Image-text web data:

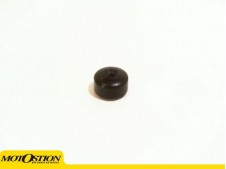 Contrapeso Honda forza 250 x 2005 - 2007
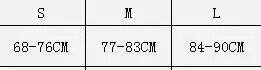 QQ20170511170253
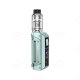 Geek Vape - Aegis Solo 3 Starterkit Green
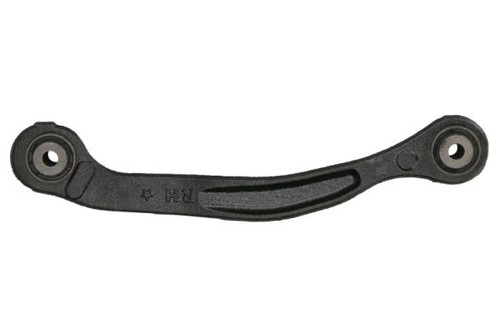1st rear axle right - 1st, pure
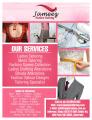 Jameez Fashion Tailoring | Ladies Dress Alterations Bundoora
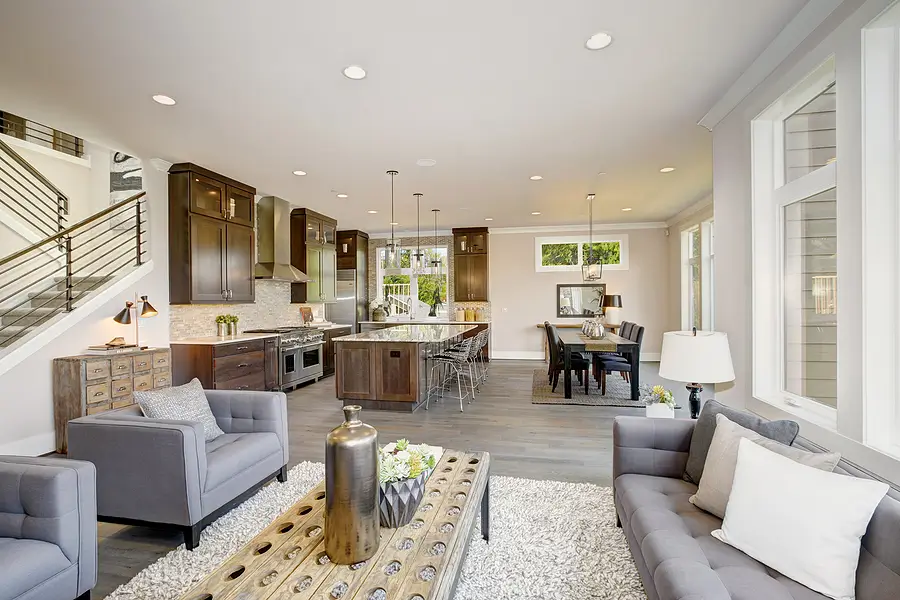 Top Features Renters Are Looking for in Chester County in 2025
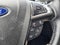 2017 Ford Fusion Energi Titanium
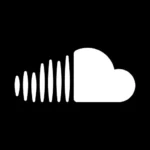 SoundCloud Mod APK 2025.03.03 [Premium Unlocked]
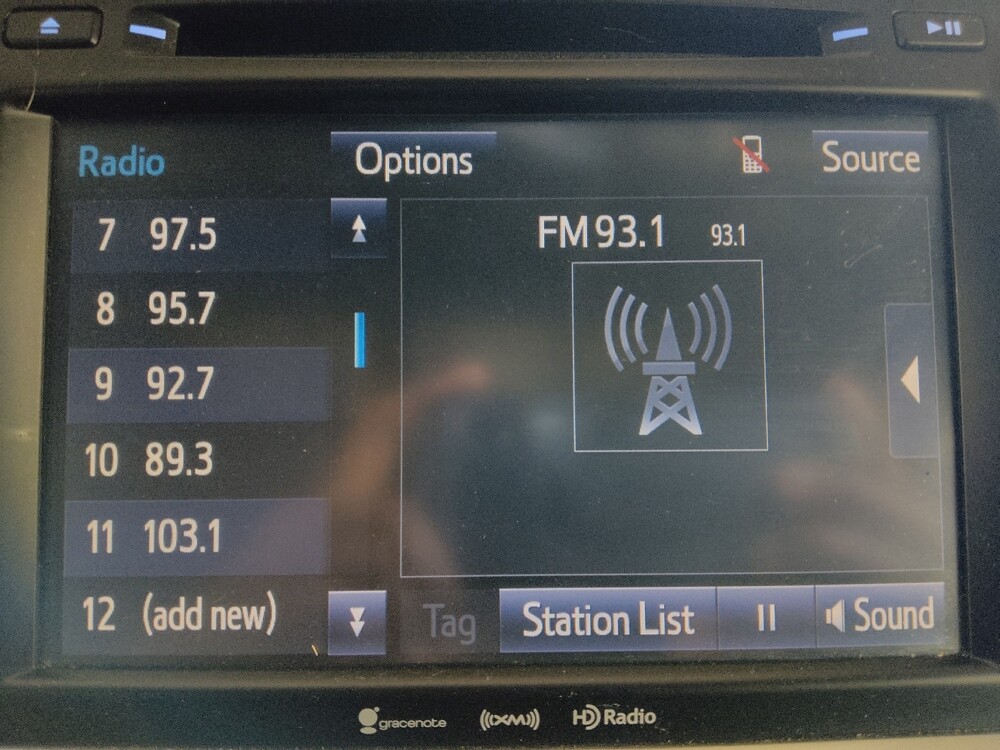 2019 Toyota Highlander in Columbus, GA 31909 - 18133027 25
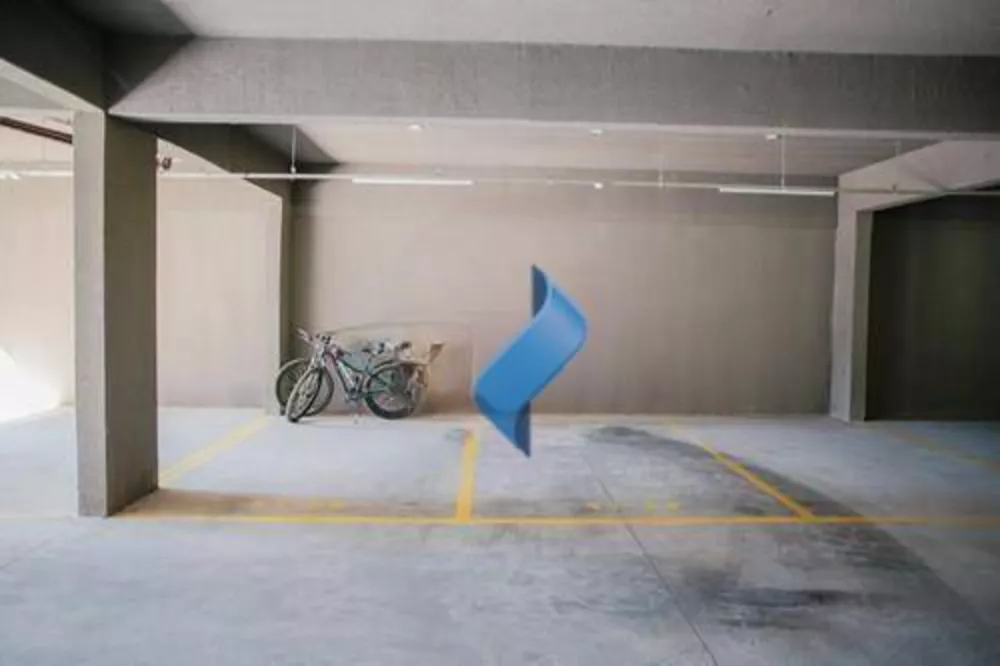 Apartamento, 3 quartos, 66 m² - Foto 7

**To do**
Leave the pictures out, and retype exactly the lines from the one containing "Jameez Fashion Tailoring" through the last line of the entries above, both included.

**Answer box**
 Jameez Fashion Tailoring | Ladies Dress Alterations Bundoora
 Top Features Renters Are Looking for in Chester County in 2025
 2017 Ford Fusion Energi Titanium
 SoundCloud Mod APK 2025.03.03 [Premium Unlocked]
 2019 Toyota Highlander in Columbus, GA 31909 - 18133027 25
 Apartamento, 3 quartos, 66 m² - Foto 7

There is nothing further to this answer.